NBAR + Policy Routing?
Posted on 2003-11-24
Here's the scenario:
A site in <faraway country> is connected to our headquarters via frame relay, and is supposed to use our Internet access due to the security requirements of having a full-blown DMZ, content blocking system, etc. These standards are non-negotiable and would cost far too much to deploy at this remote location. However, they have a few business-related sites (banks, mainly) that are located in the same country that they need to access regularly. Since Internet traffic is currently going across the ocean several times, it's causing their sessions to time out, which is obviously not good.

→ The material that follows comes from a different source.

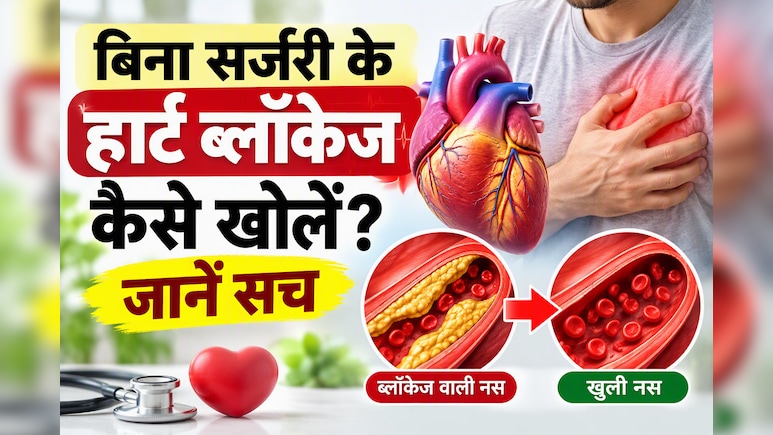 नीबू-अदरक का पानी पीने से खुल जाती हैं दिल की नसें? डॉक्टर से समझें बिना सर्जरी कैसे ठीक होता है ब्लॉकेज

So, given a (NAT-ed) link to a local ISP (on an interface running IOS firewall and generally locked down as much as possible, it seems that I have two options:
1. Figure out all the IPs/subnets involved with the bank sites and statically route them out the local ISP port.
2. Use NBAR to identify the relevant traffic and policy route it out the local ISP port.
Option 1 is obviously simpler in a way, but seems like it could end up being a hassle and possibly be hard to maintain since the banks are under no obligation to keep their IPs static. So my question is, how feasible would Option 2 be? I've worked with policy routing before, but not for this kind of problem, and I've never used NBAR at all. Besides the "can this work" question, I'm wondering how badly this is going to kill a low-to-mid-range router to do the extra work involved.